I remember this guy. He wrote me into his little fake-a-roonie sci-fi movie Sharks in Vegas. If that wasn't bad enough, I was delivering lines like "I'm going all in." Give me an effin' break!Just `cause my d-bag bro does this shit, don't mean I wanna. So if I ever see your face Phil, good chance it'll have my fist in it. Happy Birthday.

-Dan Baldwin

Anonymous said...

Phil,

You give me gas.

-Rip Torn

Banshee70 said...

Oh boy poor Phil got roasted like a stuck pig on an open fire! Happy 40th Phil and MANY MANY more.

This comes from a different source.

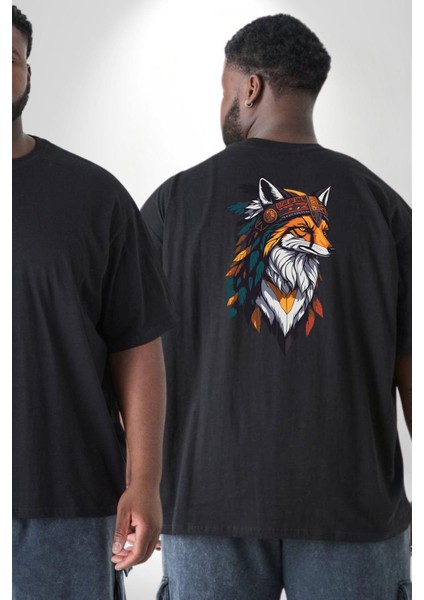 Kızılderili Tilki Büyük Beden Siyah Tişört Kadın Erkek Ünisex Sırt Baskılı fiyatları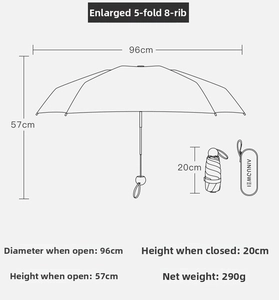 Specifications of 8-rib compact travel umbrella with 96cm diameter and 20cm folded size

P.S. I bet all those celebs you stuck never write.

Anonymous said...

Awesome roast. I’ll go on a witness stand that the metal glove gob-smack occurred between you and Bruce.

- Eric

The Omnipotent Q said...

Terrific roast. And Happy Belated Birthday, Phil. We need to catch up soon.

Anonymous said...

HaHaHaHaHaHa!!! Mark this is the funniest thing I ever read. How do you do it?